• WHAT THE TASK ASKS: Every line from the one with "Mijn ouders kozen" through the end of the entries below should be written out exactly; the pictures should not.

• DATA FOR THIS EXERCISE:
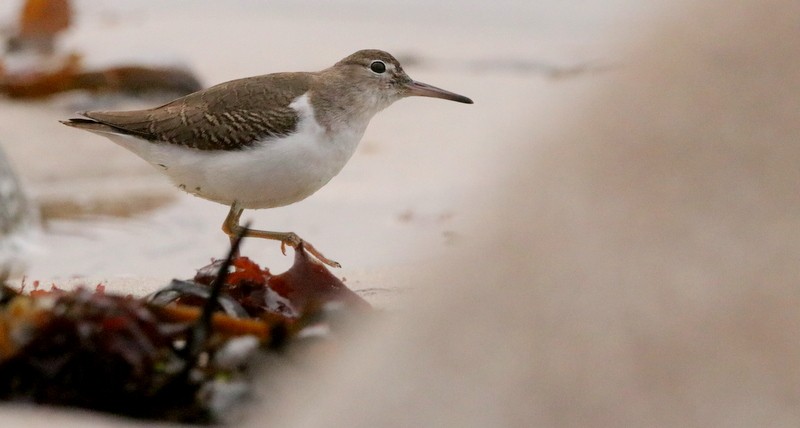 Spotted Sandpiper - ML395645791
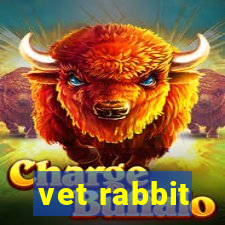 vet rabbit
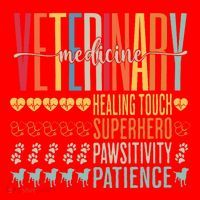Vet Tech Gifts Veterinary Technician Gifts Appreciation Day Santa Hat thumb 1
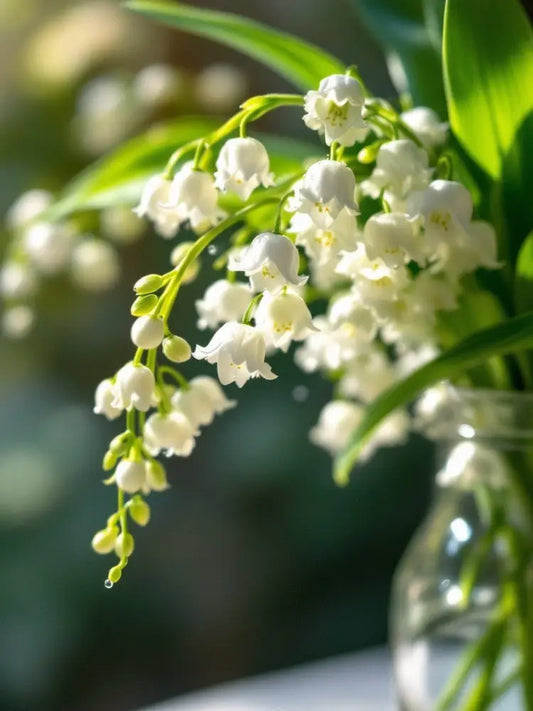 Lily of the Valley Trailhead Candles Candles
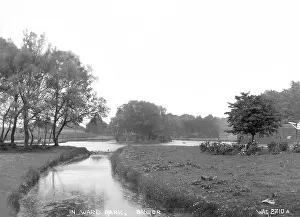 Bangor: In Ward Park, Bangor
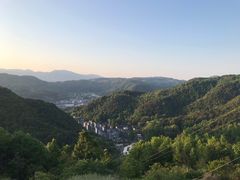 -桑洲油菜花景区
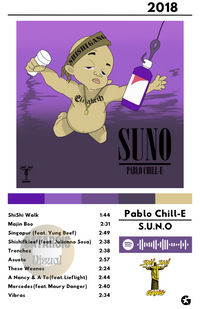 Cuadro Pablo Chill-E - S.U.N.O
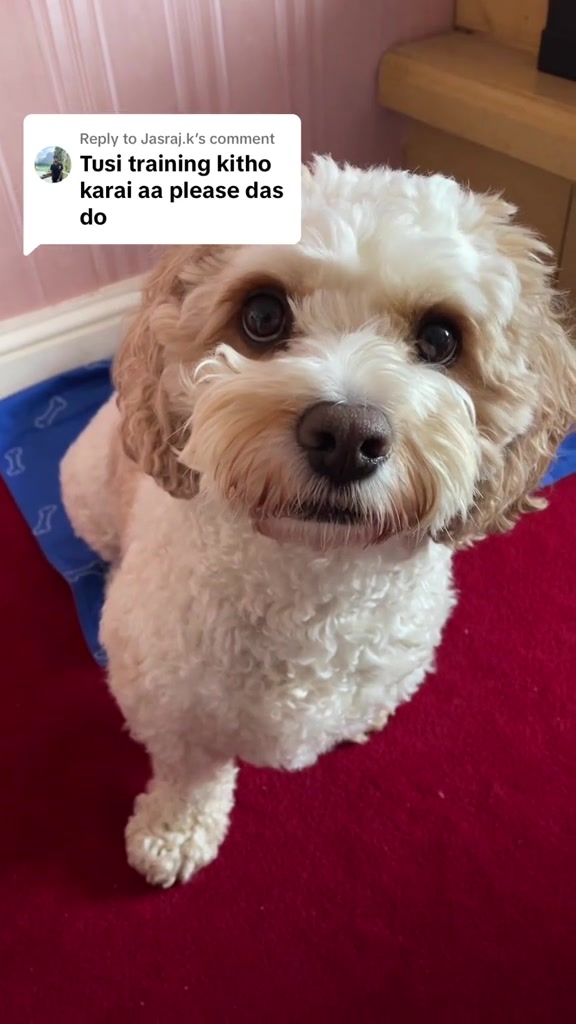 @My Cavachon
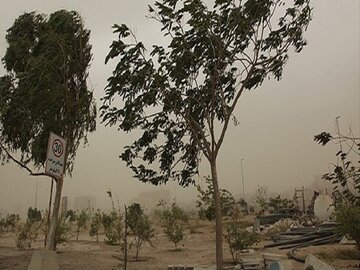هواشناسی اردبیل: وزش باد شدید تا یکشنبه در استان ادامه می یابد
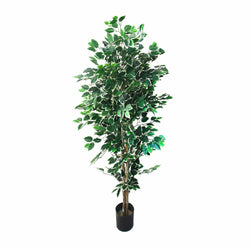 AD TREND - Pianta artificiale Eucalipto in vaso - h150cm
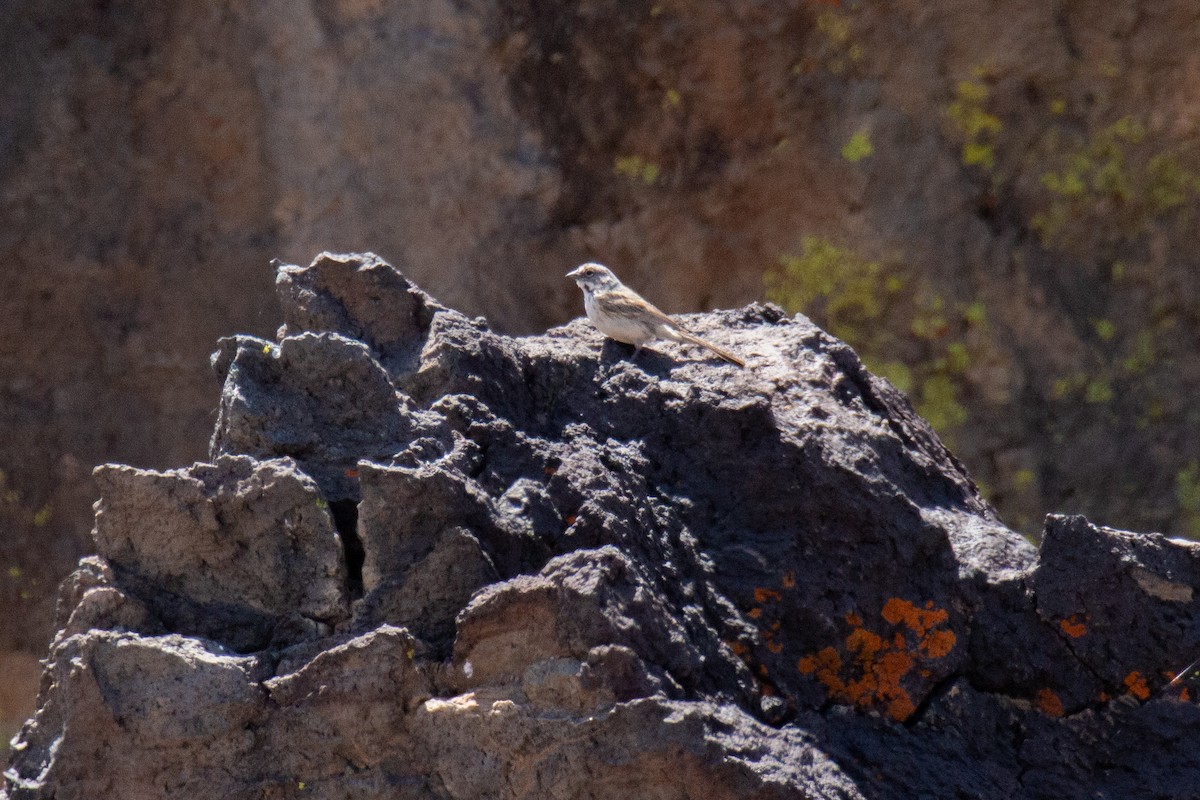 Bell's Sparrow - ML631295212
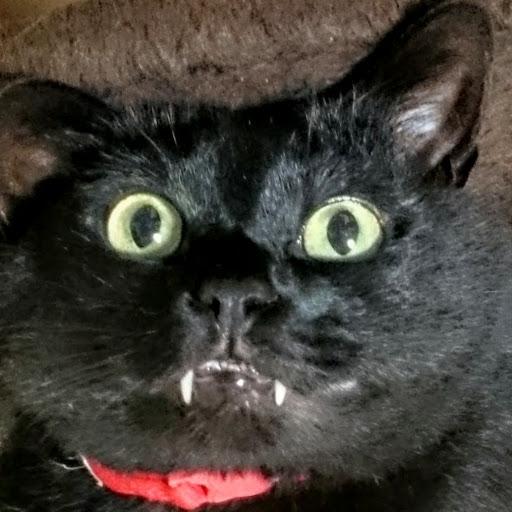 いさぽんのプロフィール画像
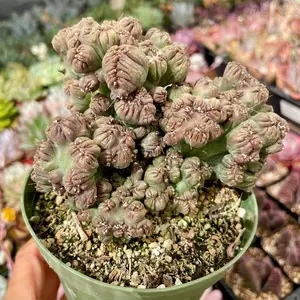Cereus forbesii monstrose 'Ming Thing' 4” Cactus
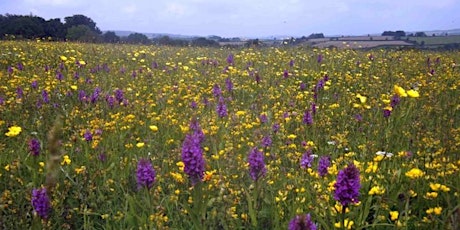 How to Create a Wildflower Meadow - a beginner's workshop, 18th August primary image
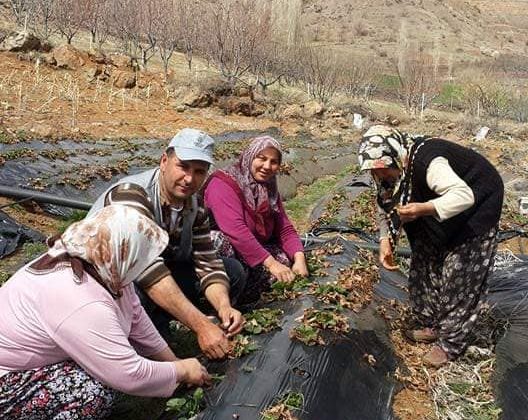 TARLADA ÇALIŞMAYA “İZİN”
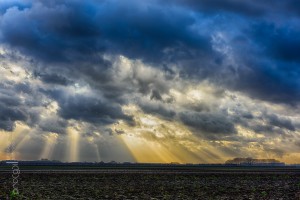 Mijn ouders kozen zelfs hetzelfde tijdstip: valavond in ‘t Verdronken land van Saeftinghe.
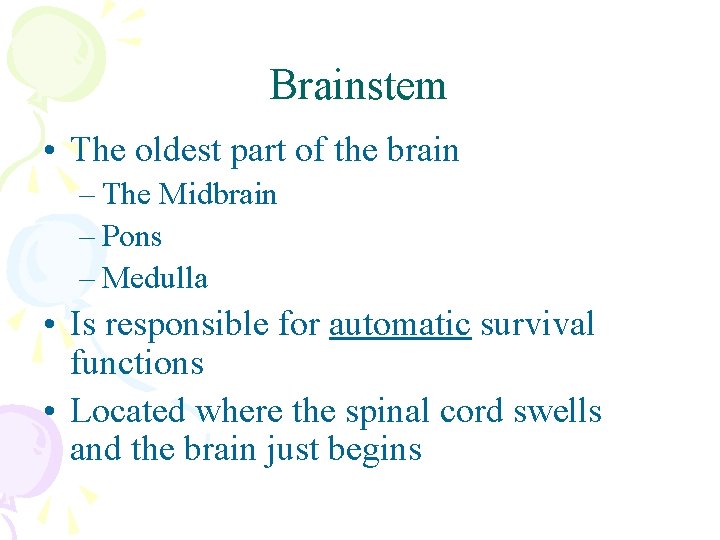 Brainstem • The oldest part of the brain – The Midbrain – Pons –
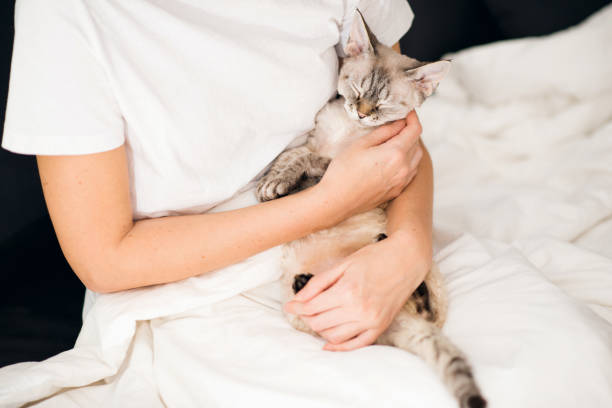istock Devon Rex cat is lounging in owners arms in a bed. Feeling comfortable relaxed. 1286343525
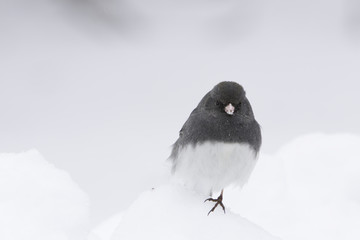 Finch bird standing on Snow bank during winter.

• ANSWER SECTION:
 Mijn ouders kozen zelfs hetzelfde tijdstip: valavond in ‘t Verdronken land van Saeftinghe.
 Brainstem • The oldest part of the brain – The Midbrain – Pons –
istock Devon Rex cat is lounging in owners arms in a bed. Feeling comfortable relaxed. 1286343525
 Finch bird standing on Snow bank during winter.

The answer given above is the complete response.